A new president unveiled a new surge last week, and the announcement ought to have been greeted by sustained applause by everyone who cheered President George W. Bush’s surge policy in Iraq.
President Barack Obama appears to have adopted his predecessor’s commitment to following the advice of his top generals –especially that of General David Petraeus—and the announcement of 4,000 more troops to Afghanistan on top of the 17,000 reinforcements already committed by the new administration is an important signal of American resolve in the war against Islamist jihadism.
Max Boot hit exactly the right note when he opined at Commentary Magazine’s blog “Contentions” that the new surge that Obama “unveiled at the White House today was pretty much all that supporters of the war effort could have asked for, and probably pretty similar to what a President McCain would have decided on.”
The new troops will bring the American forces to around 60,000, and the continued missile strikes on Taliban and al Qaeda leadership no matter on which side of the border they are found telegraph that even as the stability and progress in Iraq broadens and deepens, a similar emphasis on counterinsurgency will be given the time it needs to work in both Afghanistan and Pakistan.

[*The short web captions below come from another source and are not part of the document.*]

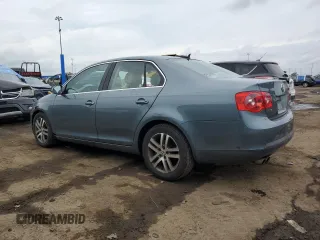 2006 Volkswagen Jetta 2.5L z VIN 3VWSF71K86M796788, wystawiony jako Copart lot #62828485 z przebiegiem 140 523 mil mil oraz Szkoda całkowita • Salvage title. Historia ofert i sprzedaży dostępna na DreamBid. Obrazek 2.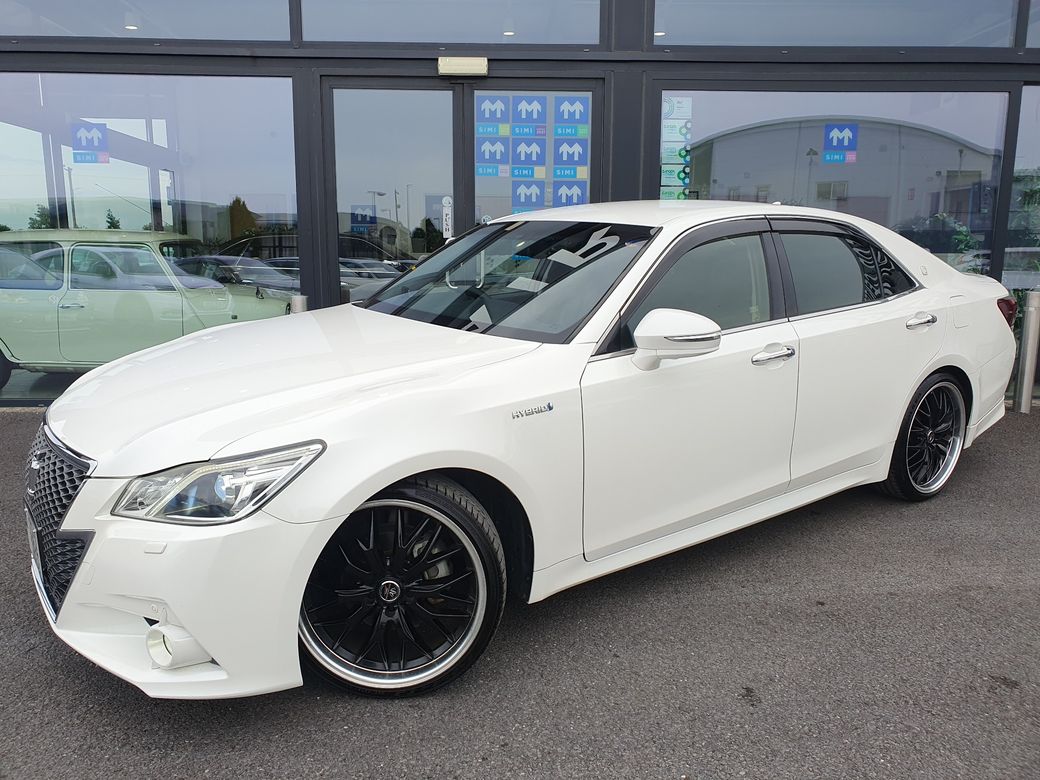 2013 Toyota Crown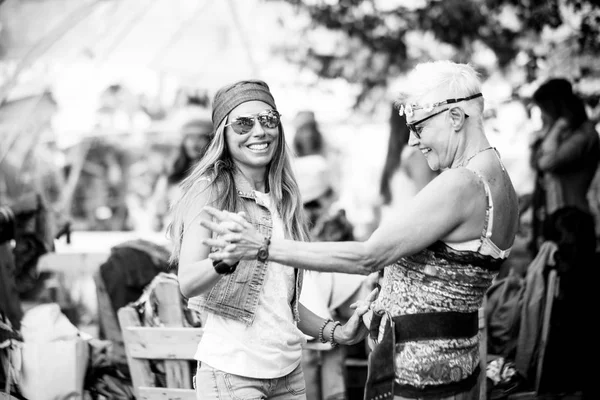 Foto Monocromática Mujeres Ropa Hippy Teniendo Fiesta Durante Día — Foto de Stock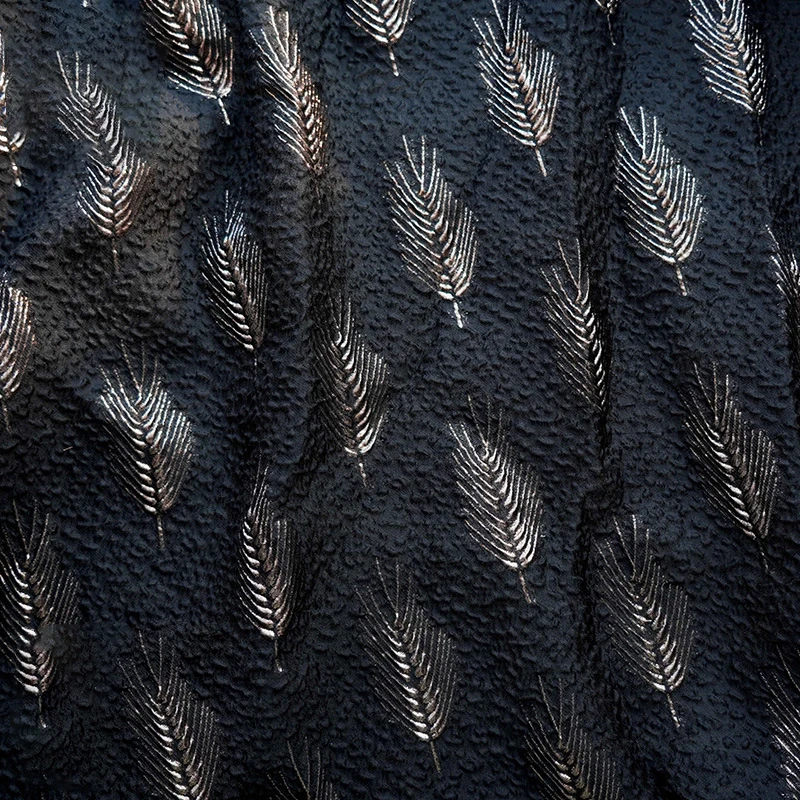 Tissu Jacquard légèrement transparent pour femme, tissu à coudre décoratif, motifs de plumes dorées, robe, chemise, sac, instituts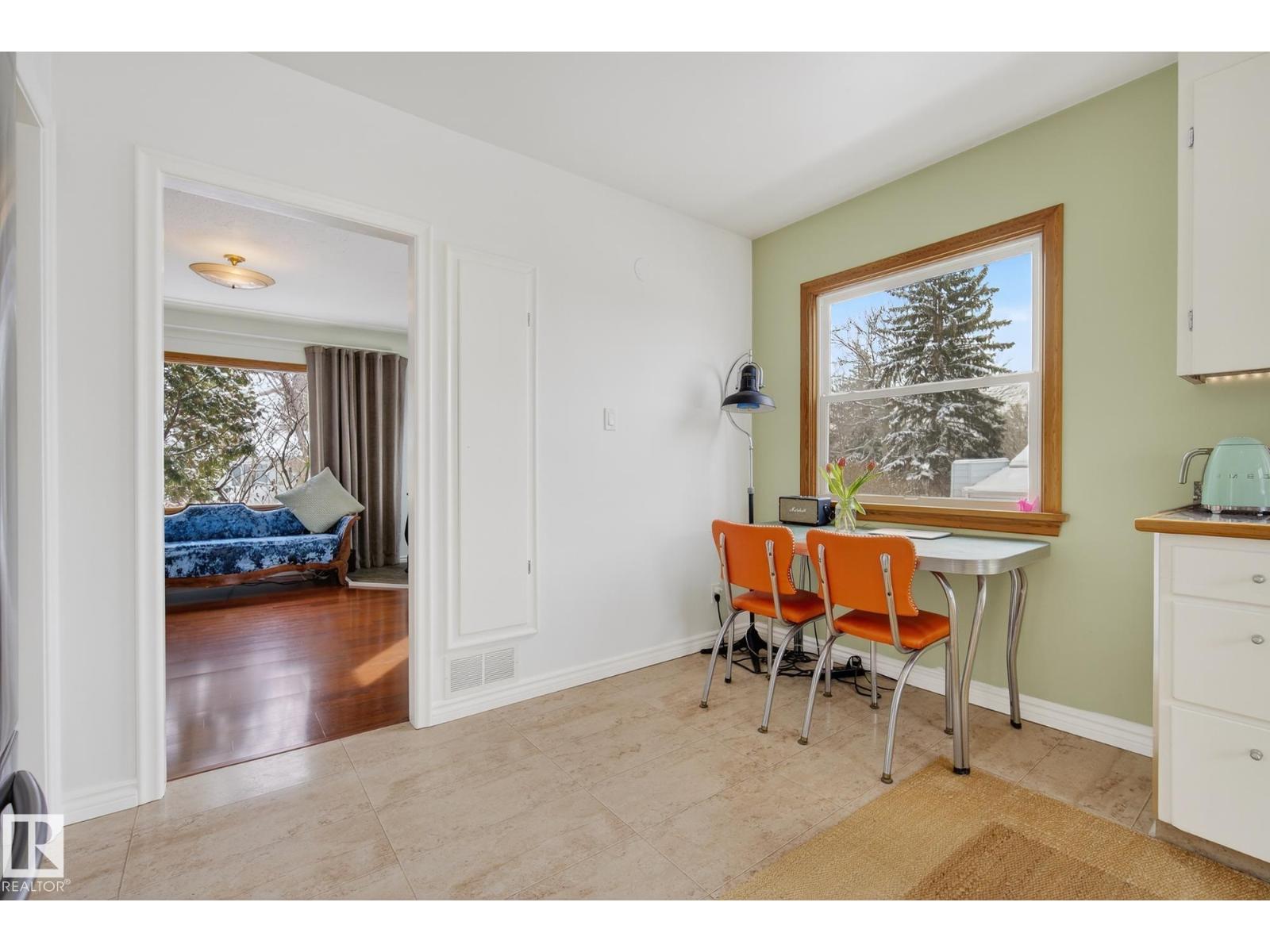 10336 80 ST NW, Edmonton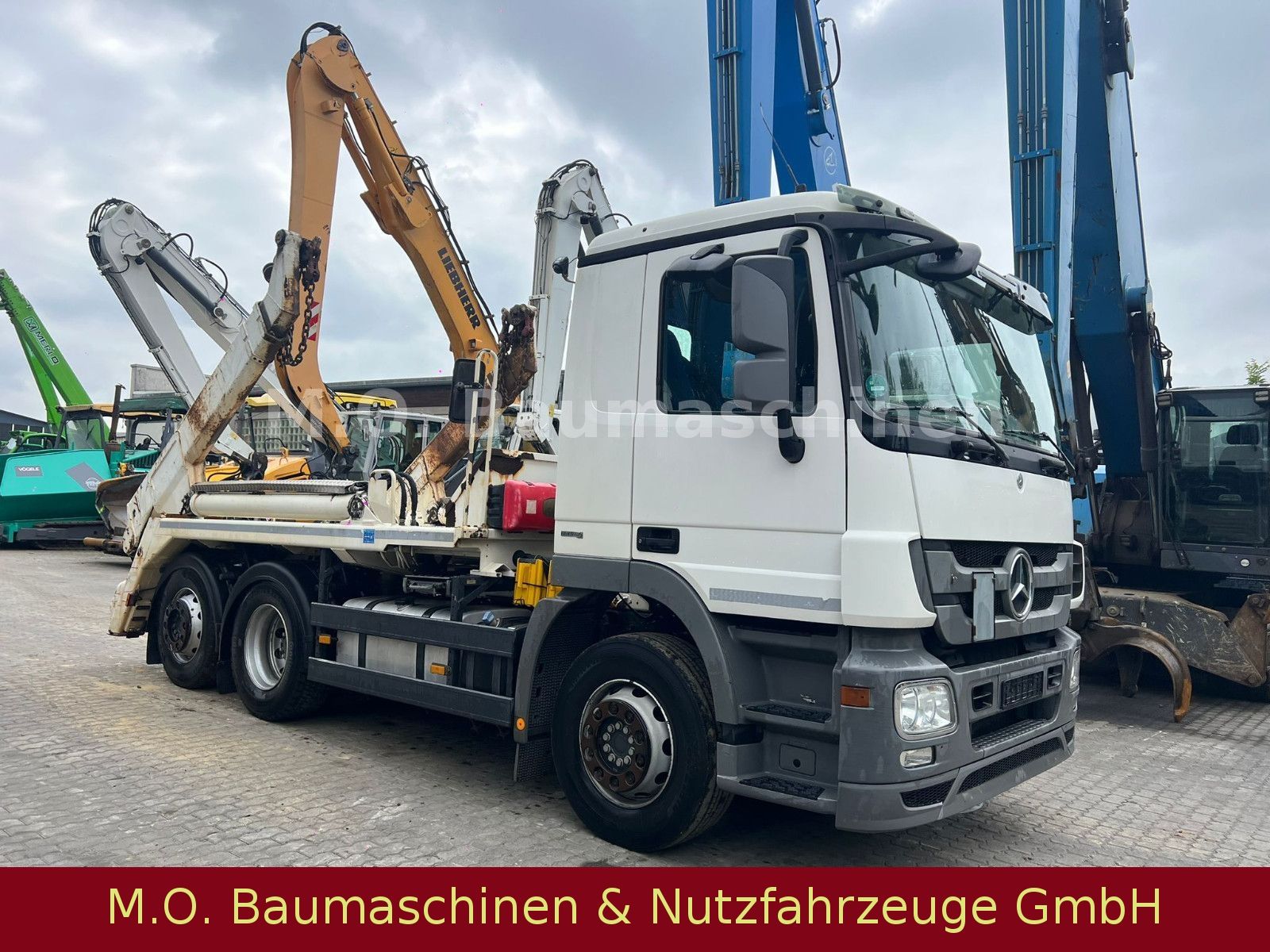 Fahrzeugabbildung Mercedes-Benz Actros 2541/Klima/3 Achser/6x2/TÜV NEU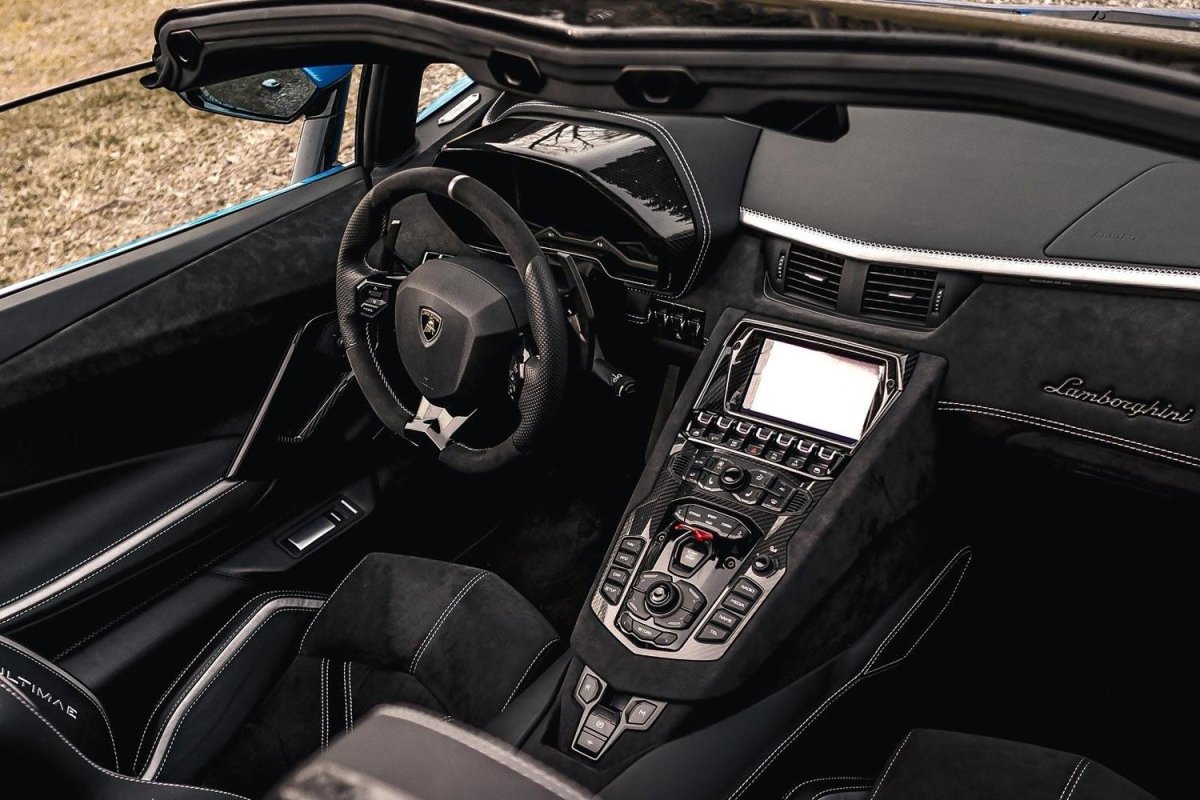 Ламборгини авентадор 2022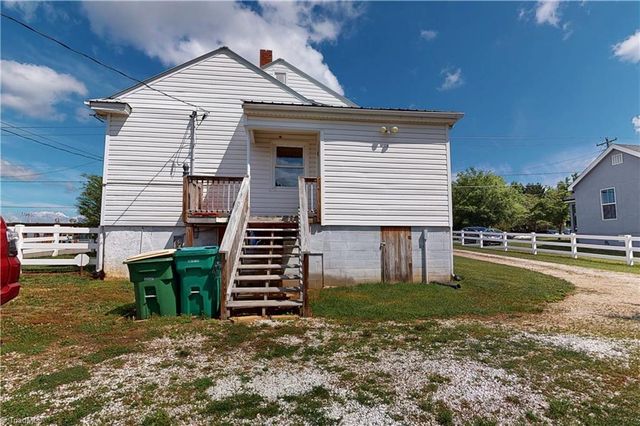 317 W Atkins Street, Dobson, NC 27017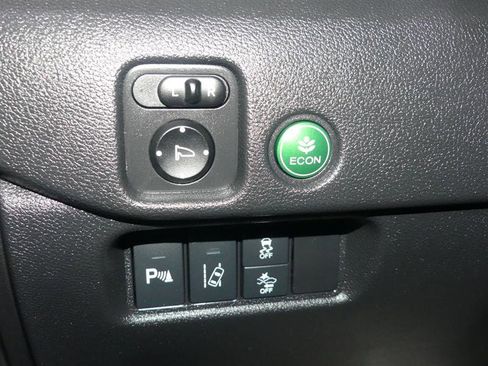 Used 2018 Honda Pilot Elite image 31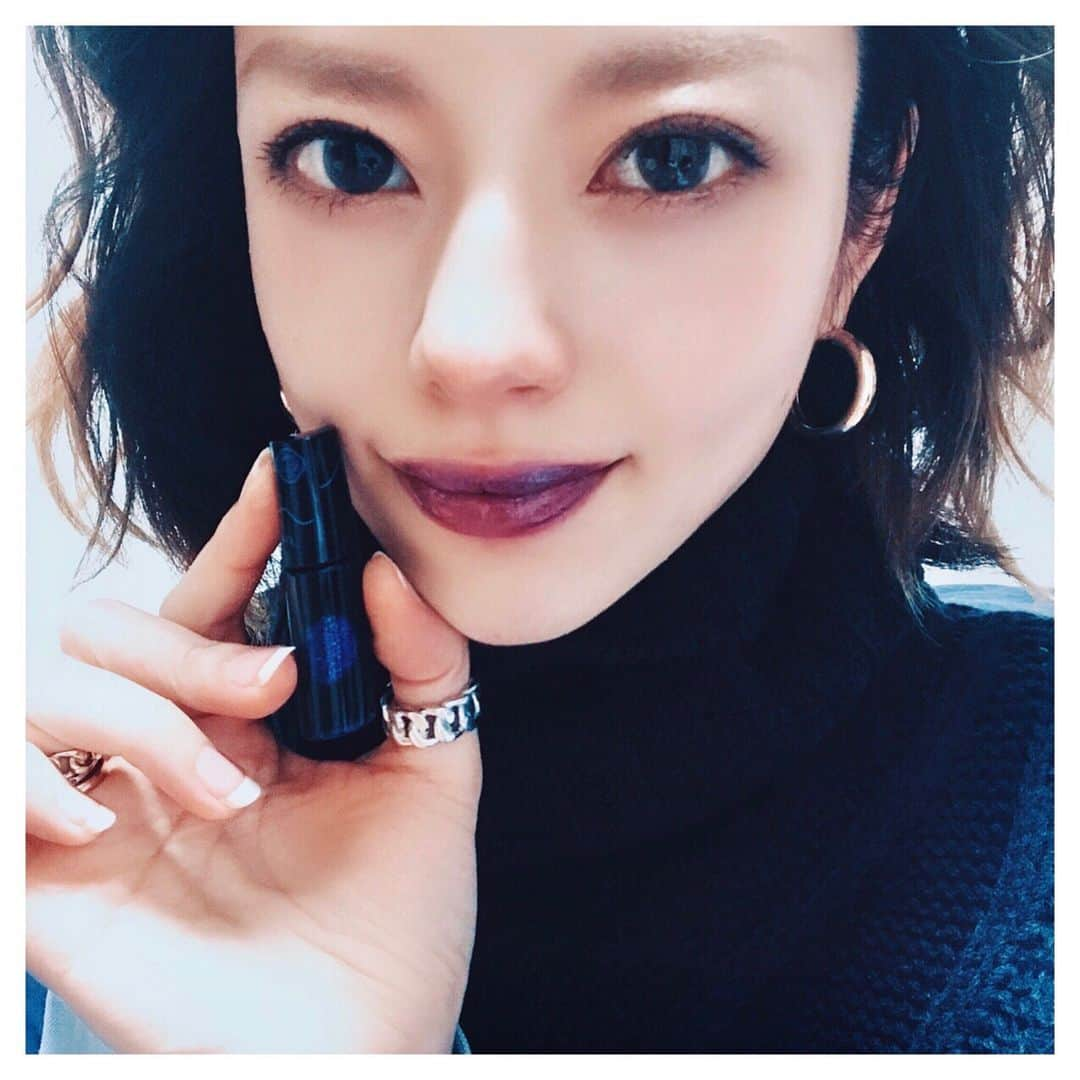 高木美知瑠さんのインスタグラム写真 - (高木美知瑠Instagram)「. 𝐒𝐇𝐈𝐒𝐄𝐈𝐃𝐎 𝐏𝐈𝐂𝐎 ♛⋆ . このブルーリップ可愛すぎ 𓏗𓏗♡ᵎᵎᵎ 別の色に重ねても ひと塗りブルーでも 濃ゆ目にブルーだけでも 使い方色々なんでも可愛い\( ˆoˆ )/𓂃♡˒˒ . 青とか黄色グロス好きなんやよね 𓀤✯ このブルー キラキラしてるし✦⃟ֻ͙ 濃いの好き🥰💓 #shiseidoginzatokyo #shiseidomakeup #picoshiseido #sweet #shiseido #pr #tokyo#japan#nail#nails#cosme#cosmetic#cosmetics#color#pink#red#self#selfie#lip#gloss#ネイル#グロス#リップ#スウィートインスタ #gn ☾︎.*·̩͙」3月29日 1時04分 - michiru_takagi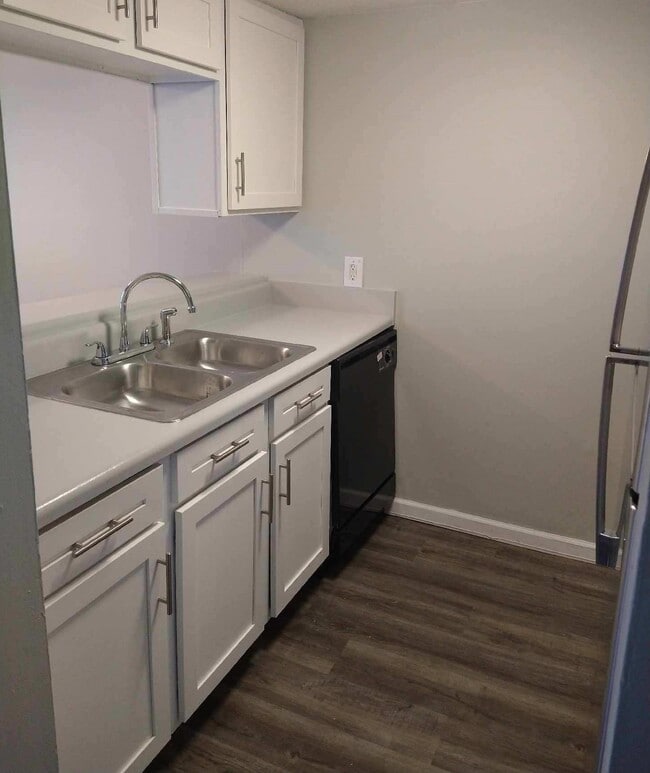 Photo - University Commons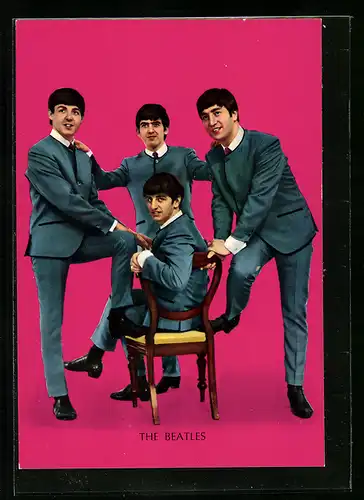 AK Musiker der Beatles posieren an einem Stuhl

Writing at the excellent Long War Journal (www.longwarjournal.org) Thomas Joscelyn and Bill Roggio review the many impediments to peace in Afghanistan, and there is no realistic assessment of the region that doesn’t include a conclusion that stability in Afghanistan and thus security for those nations threatened by al Qaeda and its host culture of the Taliban will require years and years of sustained effort in Afghanistan.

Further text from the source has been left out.